Grade: B

Let’s go ahead and mention the element in the room. DreamWorks Animation hasn’t quite held a candle to Pixar, especially in the last few years, but they’ve had a few fairly enjoyable movies. I thought the Shreks were overrated, but I did like Chicken Run and Antz. I’ll put it to you this way: Elemental is a “bad” film for Pixar, and Ruby Gillman, Teenage Kraken – which is no Elemental – is one of DreamWorks’s better ones. If you’ve already seen the former, you could do a lot worse than check out the latter.
The Gillmans live in a town called Oceanside. They are krakens, trying their best to pose as normal humans (“If anyone asks, we’re Canadian.”) 15-year-old Ruby is just about to ask her crush to prom, when he falls into the water, and she ends up saving him from drowning – while also discovering her special gift, not to mention her family history, which contains a few surprises.

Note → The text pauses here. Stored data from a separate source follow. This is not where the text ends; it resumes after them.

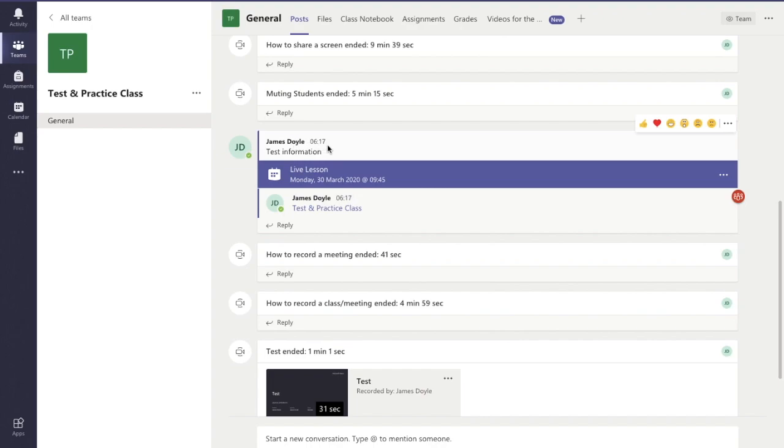If you need to know how to schedule a lesson, there's a link to a video in the top right corner of the screen. Now I want to cancel this meeting, there's two things I can do.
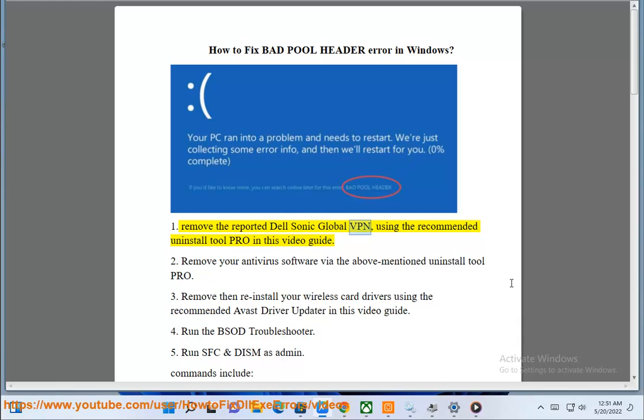Remove the reported Dell Sonic Global VPN using the recommended Uninstall Tool Pro in this video guide.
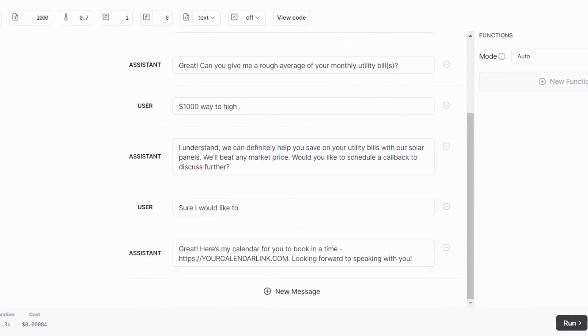To which the bot will respond, here's my calendar for you to book in a time. So here's where you'll place your calendar link here, onto an event or an invite or webinar that you're hosting.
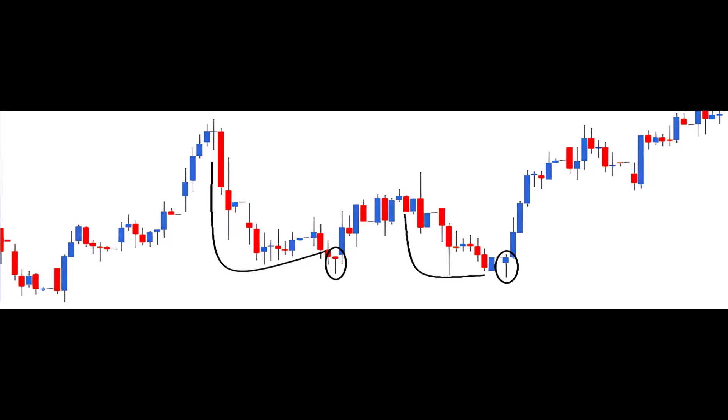A hammer can be any color, but it's a bit more reassuring to see a blue-colored body. The hammer should follow a downtrend, as shown by the curved line in the chart.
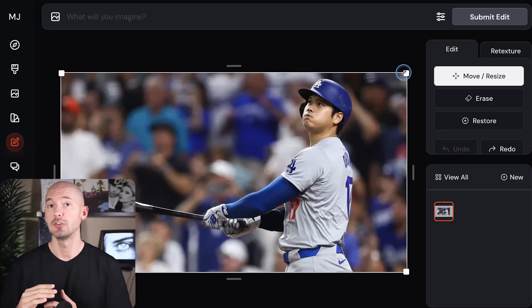Midjourney just released a new feature. It's a standalone editor where you can use the Midjourney algorithm on any picture ever created.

The voice talent includes Lana Condor (X-Men: Apocalypse), Toni Collette, and Jane Fonda as (respectively) Ruby, her mother, and her grandmother. Will Forte as a long-bearded, elderly pirate named Gordon Lighthouse has an amusing through-line where he never got over his ex-wife leaving him. Her name is Tammy. I don’t know why that’s funny, but it is.
There are twists upon twists. There’s a character who is bad, then turns out to be good (so we think), then we find out is “for real for real” bad, in a different way than their initial badness. And in their good period, they gave wise and sound advice. The plot is busy with backstories that feel overinflated, like there are too many unnecessary details.
At its best, though, Ruby Gillman, Teenage Kraken packs an operative punch. The scenes underwater and the climactic fight look great. The colors are lovely. There’s heart here, and a sweet moral about unlikely forces burying pre-conceived hatchets and working together. It looks odd to see so many different beings getting along so famously by the end, but it’s nice to see it happen.